Related Work & Insights¶
- Unlike CodeFormer (where VQ priors directly generate images) and PGDiff (where VQ priors act as diffusion guidance targets), OSDFace uses VQ priors as conditional prompts for the diffusion model, striking a better balance between flexibility and quality.
- The introduction of facial identity loss underscores the importance of identity preservation in face restoration tasks.

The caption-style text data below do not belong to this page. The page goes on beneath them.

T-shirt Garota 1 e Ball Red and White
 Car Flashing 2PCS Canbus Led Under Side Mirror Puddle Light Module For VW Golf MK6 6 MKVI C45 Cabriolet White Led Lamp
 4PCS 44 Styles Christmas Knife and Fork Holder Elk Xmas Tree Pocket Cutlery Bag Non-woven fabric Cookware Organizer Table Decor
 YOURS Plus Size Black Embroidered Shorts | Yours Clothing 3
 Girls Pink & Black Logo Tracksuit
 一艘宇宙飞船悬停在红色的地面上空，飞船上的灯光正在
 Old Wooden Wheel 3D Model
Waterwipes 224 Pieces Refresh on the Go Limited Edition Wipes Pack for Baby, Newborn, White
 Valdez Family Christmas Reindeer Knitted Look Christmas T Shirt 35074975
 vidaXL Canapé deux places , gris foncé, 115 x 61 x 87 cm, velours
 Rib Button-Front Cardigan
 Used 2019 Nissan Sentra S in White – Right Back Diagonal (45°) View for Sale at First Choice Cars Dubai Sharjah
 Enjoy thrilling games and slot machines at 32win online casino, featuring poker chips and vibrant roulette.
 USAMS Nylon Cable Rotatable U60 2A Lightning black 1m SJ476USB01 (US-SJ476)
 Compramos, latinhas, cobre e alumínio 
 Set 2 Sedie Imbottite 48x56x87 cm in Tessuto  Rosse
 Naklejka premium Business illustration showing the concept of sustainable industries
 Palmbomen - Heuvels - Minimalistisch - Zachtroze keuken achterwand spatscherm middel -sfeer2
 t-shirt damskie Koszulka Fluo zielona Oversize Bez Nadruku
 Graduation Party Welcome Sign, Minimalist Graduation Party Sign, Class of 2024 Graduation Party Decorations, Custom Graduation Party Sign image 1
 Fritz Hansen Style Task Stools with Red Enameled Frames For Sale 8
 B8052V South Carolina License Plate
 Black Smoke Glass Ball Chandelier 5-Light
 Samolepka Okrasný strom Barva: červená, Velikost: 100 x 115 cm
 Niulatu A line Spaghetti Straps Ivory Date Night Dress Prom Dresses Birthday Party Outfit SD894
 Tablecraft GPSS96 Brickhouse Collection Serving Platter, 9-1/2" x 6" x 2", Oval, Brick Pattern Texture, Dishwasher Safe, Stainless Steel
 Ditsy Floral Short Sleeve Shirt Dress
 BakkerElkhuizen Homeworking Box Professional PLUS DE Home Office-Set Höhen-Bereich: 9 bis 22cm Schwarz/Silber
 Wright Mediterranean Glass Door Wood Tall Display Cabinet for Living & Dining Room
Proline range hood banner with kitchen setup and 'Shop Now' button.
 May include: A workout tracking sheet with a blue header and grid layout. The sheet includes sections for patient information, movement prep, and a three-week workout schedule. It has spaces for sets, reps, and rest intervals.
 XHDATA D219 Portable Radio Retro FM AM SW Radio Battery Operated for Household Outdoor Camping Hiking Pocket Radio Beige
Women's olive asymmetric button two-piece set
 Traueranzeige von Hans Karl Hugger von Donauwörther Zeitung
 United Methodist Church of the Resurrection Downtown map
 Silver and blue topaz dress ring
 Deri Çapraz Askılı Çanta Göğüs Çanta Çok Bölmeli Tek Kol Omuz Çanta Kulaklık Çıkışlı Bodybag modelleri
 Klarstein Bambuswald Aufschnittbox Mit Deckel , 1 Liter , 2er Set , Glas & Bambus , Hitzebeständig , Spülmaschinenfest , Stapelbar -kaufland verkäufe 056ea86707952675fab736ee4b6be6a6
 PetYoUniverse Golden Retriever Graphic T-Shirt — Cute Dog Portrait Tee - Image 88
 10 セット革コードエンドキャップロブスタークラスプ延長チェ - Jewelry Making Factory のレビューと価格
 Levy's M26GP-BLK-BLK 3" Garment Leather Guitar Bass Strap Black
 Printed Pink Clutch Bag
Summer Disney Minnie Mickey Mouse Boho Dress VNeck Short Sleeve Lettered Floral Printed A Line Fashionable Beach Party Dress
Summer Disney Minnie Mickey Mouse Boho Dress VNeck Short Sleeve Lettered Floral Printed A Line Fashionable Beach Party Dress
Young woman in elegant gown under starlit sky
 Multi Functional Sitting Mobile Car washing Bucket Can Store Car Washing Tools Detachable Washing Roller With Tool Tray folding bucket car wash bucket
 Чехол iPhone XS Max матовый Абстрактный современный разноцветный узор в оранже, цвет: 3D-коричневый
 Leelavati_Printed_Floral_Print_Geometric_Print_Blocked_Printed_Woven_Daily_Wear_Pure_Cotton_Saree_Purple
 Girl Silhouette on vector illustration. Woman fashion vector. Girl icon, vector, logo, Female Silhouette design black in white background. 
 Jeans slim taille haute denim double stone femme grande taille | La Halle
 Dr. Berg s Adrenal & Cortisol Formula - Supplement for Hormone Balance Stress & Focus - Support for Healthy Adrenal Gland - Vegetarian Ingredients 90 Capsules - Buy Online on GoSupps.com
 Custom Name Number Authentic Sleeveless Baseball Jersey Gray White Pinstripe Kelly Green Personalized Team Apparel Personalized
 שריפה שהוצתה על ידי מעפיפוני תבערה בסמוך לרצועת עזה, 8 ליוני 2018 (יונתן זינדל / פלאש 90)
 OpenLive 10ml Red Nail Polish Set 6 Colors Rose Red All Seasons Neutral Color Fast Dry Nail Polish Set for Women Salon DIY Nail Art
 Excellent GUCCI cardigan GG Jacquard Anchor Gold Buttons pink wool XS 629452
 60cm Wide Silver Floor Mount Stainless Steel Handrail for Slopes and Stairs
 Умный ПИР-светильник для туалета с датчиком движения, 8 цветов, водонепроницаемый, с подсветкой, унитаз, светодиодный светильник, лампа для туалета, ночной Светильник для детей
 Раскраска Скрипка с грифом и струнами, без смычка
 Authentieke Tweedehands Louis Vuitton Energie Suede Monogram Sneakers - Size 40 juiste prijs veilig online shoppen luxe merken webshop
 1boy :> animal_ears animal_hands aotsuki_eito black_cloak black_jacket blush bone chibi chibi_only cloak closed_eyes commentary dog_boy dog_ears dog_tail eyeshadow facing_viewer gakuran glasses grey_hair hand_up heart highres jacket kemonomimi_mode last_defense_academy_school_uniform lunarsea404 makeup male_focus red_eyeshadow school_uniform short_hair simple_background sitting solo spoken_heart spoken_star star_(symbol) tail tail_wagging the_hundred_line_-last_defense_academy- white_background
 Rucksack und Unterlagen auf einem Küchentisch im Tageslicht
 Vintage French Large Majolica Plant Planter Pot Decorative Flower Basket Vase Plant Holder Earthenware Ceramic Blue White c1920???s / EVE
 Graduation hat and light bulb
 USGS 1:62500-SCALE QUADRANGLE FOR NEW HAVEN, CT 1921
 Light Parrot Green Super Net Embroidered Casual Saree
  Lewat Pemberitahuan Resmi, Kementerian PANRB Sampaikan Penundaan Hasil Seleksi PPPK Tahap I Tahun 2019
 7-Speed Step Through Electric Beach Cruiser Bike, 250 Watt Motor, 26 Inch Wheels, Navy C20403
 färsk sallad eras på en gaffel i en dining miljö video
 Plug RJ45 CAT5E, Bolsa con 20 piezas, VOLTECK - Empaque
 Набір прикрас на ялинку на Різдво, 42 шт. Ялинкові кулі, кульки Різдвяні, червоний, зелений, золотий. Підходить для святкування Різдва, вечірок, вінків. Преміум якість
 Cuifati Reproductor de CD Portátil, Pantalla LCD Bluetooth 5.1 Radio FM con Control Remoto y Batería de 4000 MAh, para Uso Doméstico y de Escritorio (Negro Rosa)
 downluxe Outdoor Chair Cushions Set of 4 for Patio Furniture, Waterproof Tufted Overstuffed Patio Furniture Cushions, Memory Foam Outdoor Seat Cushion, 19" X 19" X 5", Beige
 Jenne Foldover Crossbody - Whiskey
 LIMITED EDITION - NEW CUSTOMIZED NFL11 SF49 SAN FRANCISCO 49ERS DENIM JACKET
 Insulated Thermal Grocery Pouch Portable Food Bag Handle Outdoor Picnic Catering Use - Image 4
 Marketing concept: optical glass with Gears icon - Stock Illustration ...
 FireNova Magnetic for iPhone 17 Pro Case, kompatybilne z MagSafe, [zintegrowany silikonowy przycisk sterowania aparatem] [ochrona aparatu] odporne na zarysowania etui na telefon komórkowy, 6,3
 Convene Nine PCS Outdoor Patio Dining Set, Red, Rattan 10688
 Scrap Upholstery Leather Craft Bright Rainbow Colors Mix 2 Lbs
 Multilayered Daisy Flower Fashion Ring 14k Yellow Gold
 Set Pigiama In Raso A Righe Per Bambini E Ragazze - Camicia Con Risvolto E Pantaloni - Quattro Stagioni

- The LQ dictionary representation in VRE may provide insights for other degraded-image understanding tasks (e.g., medical image enhancement).
Rating¶
- Novelty: ⭐⭐⭐⭐ — Clever VRE design; the combination of VQ prior and one-step diffusion is highly novel.
- Experimental Thoroughness: ⭐⭐⭐⭐⭐ — Comprehensive evaluation with 8 metrics, comparisons against multiple baselines, and real-world zero-shot testing.
- Writing Quality: ⭐⭐⭐⭐ — Abundant diagrams, clear description of methods, and convincing visualization analyses.
- Value: ⭐⭐⭐⭐⭐ — High-quality face restoration in 0.1 seconds, offering direct industrial application value.